Lipitch has maintained a limited release strategy, usually pressing around 300 copies of each release. For a few years, the label released between three and five records a month, a schedule Lipitch admits he couldn’t sustain. “It hadn’t really occurred to me yet how deep the potential vaults were,” he says. “I noticed that suddenly I was pressing loads of records. I was doing more releases. It just happened.” The more Lipitch established Chopped Herring as a trustworthy destination for archival releases, the more material became available to him. “I just rode the wave,” he says. “I don’t know how I’m still doing it to be honest.”
Chopped Herring releases sell out often, sometimes in minutes. Label followers tend to buy records sight unseen on the day of release. He plots release dates months in advance, but will only reveal what the record is when it’s ready for purchase. Other times, he’ll announce the album when it’s minutes away from being sold out, creating brief moments of online hysteria. In June, for instance, he posted to Facebook: “MASSIVE NEW HERRING DROPPIN IN 10 MINS!!!!” It was an album recorded some 30 years ago in Philadelphia by a group called Tuff Crew. (Copies of the group’s debut album rarely surface online and might easily fetch $100 in auction.) In September, the label released demos of The Notorious B.I.G. rapping on previously unheard original material. It sold out in less than five minutes.
By and large, Lipitch releases music that the industry has largely forgotten about: demos that slipped through the cracks, albums that were never finished or got shelved, batches of leftover B-sides. Accordingly, many of the artists Lipitch has worked with are industry weary or ambivalent about decades-old leftovers. “I think running a business is a performance,” Lipitch says. “The great thing about DJing was always playing that next thing that no one necessarily expected, but that they absolutely loved. It’s the same with the label. It’s about dropping things. It’s about making people happy. It’s the excitement.”
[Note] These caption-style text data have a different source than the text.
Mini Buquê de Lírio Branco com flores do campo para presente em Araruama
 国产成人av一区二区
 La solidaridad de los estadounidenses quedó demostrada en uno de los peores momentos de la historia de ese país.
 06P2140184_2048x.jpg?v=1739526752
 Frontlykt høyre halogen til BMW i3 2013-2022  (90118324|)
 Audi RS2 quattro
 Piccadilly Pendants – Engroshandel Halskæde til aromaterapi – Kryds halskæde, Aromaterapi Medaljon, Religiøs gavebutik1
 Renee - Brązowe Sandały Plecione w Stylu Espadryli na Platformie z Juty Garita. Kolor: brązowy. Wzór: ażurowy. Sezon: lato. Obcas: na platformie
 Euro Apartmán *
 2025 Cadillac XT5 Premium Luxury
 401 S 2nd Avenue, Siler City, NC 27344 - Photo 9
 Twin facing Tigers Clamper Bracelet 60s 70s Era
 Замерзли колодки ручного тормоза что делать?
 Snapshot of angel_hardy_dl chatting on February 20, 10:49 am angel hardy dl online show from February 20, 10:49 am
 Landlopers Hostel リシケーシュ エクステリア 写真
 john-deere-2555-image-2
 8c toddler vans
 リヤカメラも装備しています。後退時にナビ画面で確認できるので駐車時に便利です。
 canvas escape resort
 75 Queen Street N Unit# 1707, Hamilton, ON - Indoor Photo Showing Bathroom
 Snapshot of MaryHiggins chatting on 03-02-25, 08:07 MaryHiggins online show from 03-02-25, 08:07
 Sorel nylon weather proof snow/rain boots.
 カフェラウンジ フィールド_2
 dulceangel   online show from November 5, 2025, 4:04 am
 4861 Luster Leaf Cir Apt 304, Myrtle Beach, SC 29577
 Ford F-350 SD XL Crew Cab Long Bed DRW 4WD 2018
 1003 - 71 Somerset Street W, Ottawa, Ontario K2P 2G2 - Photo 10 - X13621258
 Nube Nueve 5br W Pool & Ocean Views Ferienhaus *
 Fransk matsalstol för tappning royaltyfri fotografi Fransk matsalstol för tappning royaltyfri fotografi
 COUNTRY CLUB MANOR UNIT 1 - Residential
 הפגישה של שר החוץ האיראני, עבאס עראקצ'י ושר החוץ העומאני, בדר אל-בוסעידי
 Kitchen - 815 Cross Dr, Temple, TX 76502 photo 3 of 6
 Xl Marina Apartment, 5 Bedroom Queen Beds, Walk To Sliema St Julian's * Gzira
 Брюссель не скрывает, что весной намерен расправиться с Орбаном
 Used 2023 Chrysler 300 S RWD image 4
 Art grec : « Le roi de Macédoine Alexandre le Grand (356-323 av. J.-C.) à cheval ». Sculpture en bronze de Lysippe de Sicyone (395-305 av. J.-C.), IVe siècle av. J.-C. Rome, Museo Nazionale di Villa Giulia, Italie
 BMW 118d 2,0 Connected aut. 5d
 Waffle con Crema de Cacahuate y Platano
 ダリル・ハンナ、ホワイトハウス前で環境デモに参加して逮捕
Chopped Herring has released more than 100 records, yet several stick out as particular archival triumphs. In 2013, the label released a collection of early demos by rapper Keith Murray, a two-part batch of unreleased Masta Ace songs recorded in 1990 and 1992, and a shelved Masta Ace sophomore album, released under the Herring banner as Shelf Life Volume 1 and 2. A few years earlier, Lipitch worked with producer Prince Paul to share previously unreleased music recorded in 1995 by a group of Long Island MCs named Horror City Productions.
Lipitch has also been early on some contemporary underground artists, too. Years before the rapper’s TV deal and major label signing, Chopped Herring pressed up two of Action Bronson’s early albums in extravagant bundle fashion, the first a full-color gatefold LP that remains a high-mark for the label. “I remember the Dr. Lecter record, another proud moment,” Lipitch says. “Boxes everywhere, all over the sofas. They were everywhere. I was like, ‘Wow, shit. This is starting to take over.’” Other contemporary releases include rappers Your Old Droog and Meyhem Lauren (for his label, Lipitch prefers younger lyricists with a gritty East Coast street sound).
Still, despite the label’s many victories, Lipitch says Chopped Herring is still relatively small. The label leader is still a crate digger at heart, so he’s always on the hunt for hidden gems. “What we considered to be the story of hip-hop is just the surface of the iceberg,” Lipitch concludes. “I’ve always had this kind of view of the industry, that it’s controlled by a minority of people who decide what is gonna be successful and what’s not. These obscure artists that no one’s heard of are actually more authentic, more pure in many ways.”